Activity –
Below is some data. Retype exactly the lines starting at the one with "Romantic Retreat: Pet-Friendly" and ending at the one with "Volvo XC60 15 of 30".

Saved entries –
================

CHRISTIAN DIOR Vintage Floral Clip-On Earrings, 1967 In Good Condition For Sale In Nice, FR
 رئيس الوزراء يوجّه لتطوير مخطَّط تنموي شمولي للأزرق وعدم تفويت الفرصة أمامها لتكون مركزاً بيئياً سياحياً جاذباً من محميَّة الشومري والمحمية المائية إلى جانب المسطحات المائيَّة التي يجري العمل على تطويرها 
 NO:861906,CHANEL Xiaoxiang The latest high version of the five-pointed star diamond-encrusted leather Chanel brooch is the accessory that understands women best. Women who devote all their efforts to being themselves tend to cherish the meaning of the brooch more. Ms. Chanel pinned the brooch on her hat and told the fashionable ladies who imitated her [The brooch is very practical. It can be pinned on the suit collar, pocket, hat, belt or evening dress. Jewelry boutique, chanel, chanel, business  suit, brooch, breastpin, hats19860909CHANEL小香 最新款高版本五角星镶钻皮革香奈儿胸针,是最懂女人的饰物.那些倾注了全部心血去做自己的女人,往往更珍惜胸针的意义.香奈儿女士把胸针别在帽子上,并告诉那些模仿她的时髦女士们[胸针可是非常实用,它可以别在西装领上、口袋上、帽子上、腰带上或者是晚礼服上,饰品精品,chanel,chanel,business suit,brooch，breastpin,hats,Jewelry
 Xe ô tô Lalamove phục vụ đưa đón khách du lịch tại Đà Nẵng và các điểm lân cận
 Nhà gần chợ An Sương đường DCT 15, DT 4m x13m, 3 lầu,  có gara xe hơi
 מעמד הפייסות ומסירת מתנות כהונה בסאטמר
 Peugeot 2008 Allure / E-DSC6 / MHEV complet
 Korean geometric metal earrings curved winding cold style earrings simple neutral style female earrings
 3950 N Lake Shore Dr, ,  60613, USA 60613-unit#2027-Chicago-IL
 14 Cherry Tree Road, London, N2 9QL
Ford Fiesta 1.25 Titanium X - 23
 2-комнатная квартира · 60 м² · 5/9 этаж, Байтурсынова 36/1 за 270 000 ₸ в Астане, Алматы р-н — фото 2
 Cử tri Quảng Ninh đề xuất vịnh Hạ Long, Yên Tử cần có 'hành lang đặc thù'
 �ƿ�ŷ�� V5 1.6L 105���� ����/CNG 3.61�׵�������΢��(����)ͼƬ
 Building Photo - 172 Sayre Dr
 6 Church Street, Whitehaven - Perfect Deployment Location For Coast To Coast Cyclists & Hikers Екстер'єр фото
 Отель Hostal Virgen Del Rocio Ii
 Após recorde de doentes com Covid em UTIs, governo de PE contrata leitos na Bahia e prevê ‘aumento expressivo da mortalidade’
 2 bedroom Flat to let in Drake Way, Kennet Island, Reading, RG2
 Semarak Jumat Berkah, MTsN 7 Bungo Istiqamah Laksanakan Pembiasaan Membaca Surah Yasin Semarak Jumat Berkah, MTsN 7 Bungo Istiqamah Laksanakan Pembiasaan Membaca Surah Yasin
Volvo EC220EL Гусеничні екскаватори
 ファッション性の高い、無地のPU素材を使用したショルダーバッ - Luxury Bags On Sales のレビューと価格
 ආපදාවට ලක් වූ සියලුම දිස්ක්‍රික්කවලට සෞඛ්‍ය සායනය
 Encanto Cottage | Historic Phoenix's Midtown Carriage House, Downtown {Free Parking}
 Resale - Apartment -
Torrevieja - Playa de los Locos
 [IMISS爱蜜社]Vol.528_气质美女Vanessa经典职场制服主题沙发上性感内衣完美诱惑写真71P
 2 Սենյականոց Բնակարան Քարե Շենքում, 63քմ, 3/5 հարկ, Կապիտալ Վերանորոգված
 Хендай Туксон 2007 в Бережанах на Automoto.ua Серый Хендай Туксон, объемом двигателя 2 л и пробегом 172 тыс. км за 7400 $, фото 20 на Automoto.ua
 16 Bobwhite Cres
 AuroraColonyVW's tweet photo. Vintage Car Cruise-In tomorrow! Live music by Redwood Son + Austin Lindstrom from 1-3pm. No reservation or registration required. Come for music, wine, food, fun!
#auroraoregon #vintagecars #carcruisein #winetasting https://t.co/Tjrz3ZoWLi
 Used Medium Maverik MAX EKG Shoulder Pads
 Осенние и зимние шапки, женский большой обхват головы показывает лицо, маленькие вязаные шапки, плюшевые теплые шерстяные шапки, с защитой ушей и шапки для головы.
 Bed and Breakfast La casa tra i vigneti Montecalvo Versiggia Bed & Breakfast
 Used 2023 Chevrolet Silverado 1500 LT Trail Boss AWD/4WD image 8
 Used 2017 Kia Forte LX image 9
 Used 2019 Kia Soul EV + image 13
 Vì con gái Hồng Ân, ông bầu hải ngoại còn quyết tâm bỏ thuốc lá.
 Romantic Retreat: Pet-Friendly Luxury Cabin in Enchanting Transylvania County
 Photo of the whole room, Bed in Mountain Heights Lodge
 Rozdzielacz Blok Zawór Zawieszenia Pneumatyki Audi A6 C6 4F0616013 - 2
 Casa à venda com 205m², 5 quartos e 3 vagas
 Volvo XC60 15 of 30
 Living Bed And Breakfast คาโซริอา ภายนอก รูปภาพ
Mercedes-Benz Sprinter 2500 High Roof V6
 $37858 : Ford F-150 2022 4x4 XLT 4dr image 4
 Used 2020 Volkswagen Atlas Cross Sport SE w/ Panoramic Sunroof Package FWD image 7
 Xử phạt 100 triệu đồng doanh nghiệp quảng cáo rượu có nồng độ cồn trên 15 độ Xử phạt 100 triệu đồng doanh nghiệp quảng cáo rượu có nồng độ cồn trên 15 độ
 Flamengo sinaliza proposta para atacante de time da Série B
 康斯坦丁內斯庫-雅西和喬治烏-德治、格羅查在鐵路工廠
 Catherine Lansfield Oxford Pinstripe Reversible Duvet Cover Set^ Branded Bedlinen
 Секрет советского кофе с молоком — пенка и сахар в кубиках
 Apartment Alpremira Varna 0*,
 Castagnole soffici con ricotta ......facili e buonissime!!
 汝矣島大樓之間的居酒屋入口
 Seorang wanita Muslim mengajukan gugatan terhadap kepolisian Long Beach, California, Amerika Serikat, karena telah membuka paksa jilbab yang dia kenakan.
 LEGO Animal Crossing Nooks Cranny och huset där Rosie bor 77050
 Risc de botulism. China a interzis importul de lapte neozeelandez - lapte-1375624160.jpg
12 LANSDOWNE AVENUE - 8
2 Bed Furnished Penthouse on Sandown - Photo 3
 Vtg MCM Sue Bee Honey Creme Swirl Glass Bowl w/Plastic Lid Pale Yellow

================

Completed task –
 Romantic Retreat: Pet-Friendly Luxury Cabin in Enchanting Transylvania County
 Photo of the whole room, Bed in Mountain Heights Lodge
 Rozdzielacz Blok Zawór Zawieszenia Pneumatyki Audi A6 C6 4F0616013 - 2
 Casa à venda com 205m², 5 quartos e 3 vagas
 Volvo XC60 15 of 30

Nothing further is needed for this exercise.